In order to build a highly effective leadership team, it is critical to ensure that your organisation has a strategic vision and objectives which all your leaders buy into.
As we’ve discussed before ‘Defining and communicating your business’ purpose and objectives’ the keys to achieving this lie in clearly defining your business purpose, strategy and goals, and then communicating it properly to gain engagement and buy-in.
However, once this has been achieved, what then?
How do you get your leaders to live and breathe your purpose, mission and vision?
The leadership guru, John C Maxwell, once said: “Inability to make decisions is one of the principal reasons executives fail.

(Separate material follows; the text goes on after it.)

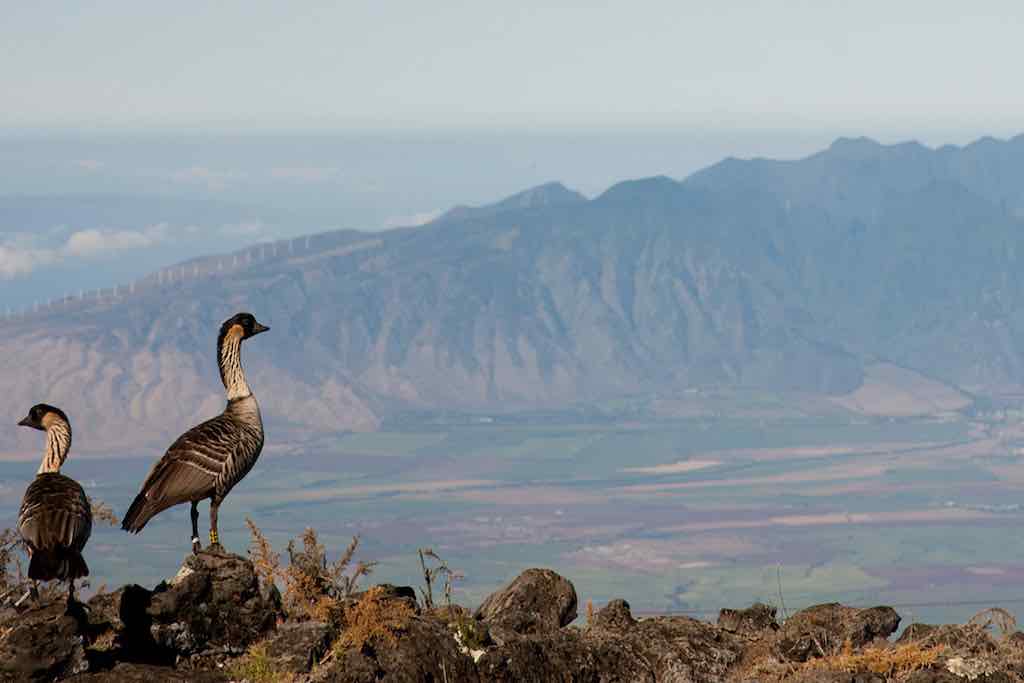 Photo dans le parc national Haleakala du néné, espèce rare et protégée du Parc Haleakala, maui, hawaii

Deficiency in decision-making ranks much higher than a lack of specific knowledge or technical know-how as an indicator of leadership failure.”
Simply put, this means the leaders within your organisation must be empowered to not only make business-critical decisions – and be held accountable for them – but to do so without fear of failure.
So, how do you empower your leaders to make decisions, take more responsibility and drive your business strategy forward?

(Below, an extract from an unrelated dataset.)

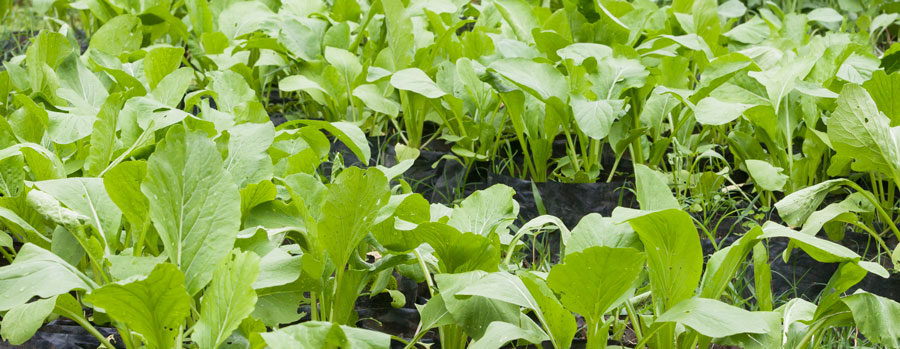 vegetable seedlings ready to plant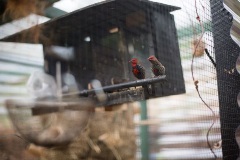 Bird aviary at Knowles Court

The keys to empowering your leaders

Many organisations have leaders with strong operational skills. It’s how they maintain the status quo. However, they often lack people with the skills, experience and confidence to tackle issues which fall outside of their comfort zone or require more effort than usual or a bit of lateral thinking to resolve.
This can be exacerbated by the structure and framework that your leaders operate in.
If that structure is too rigid, if leaders aren’t given the leeway to make decisions which may affect a certain outcome, and if they are given the freedom to fail but to learn from their mistakes, it can have a real impact on the overall efficiency of the organisation.
In practical terms, this can lead to a loss of staff engagement, low morale and high employee turnover.
In real terms, this can have a real impact both on productivity and your bottom line.
A study by global leadership consultancy Zenger Folkman found that where empowerment within an organisation was low, only four per cent employees were willing put extra effort in. Conversely, where empowerment was high, that figure rose to 67%.
This finding illustrates another major benefit of having a highly empowered team – if your people are more satisfied in work, they’ll be willing to put in the extra effort needed to drive the business towards achieving its goals. That’s a win, right?
There are a few practical steps you can take, right now, to make your leaders feel more empowered.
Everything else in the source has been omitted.